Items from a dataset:
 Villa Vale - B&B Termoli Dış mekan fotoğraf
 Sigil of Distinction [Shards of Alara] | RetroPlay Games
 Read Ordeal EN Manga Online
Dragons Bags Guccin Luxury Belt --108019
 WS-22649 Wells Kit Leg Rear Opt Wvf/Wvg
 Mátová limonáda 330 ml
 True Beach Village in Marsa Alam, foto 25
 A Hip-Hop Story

--

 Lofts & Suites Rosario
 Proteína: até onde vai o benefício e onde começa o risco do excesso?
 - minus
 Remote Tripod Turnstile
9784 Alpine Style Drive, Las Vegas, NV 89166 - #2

[Assigned task] Transcribe the lines above between the line holding "Remote Tripod Turnstile" and the line holding "9784 Alpine Style", inclusive, exactly as they stand and with nothing added.

[Task solution]
 Remote Tripod Turnstile
9784 Alpine Style Drive, Las Vegas, NV 89166 - #2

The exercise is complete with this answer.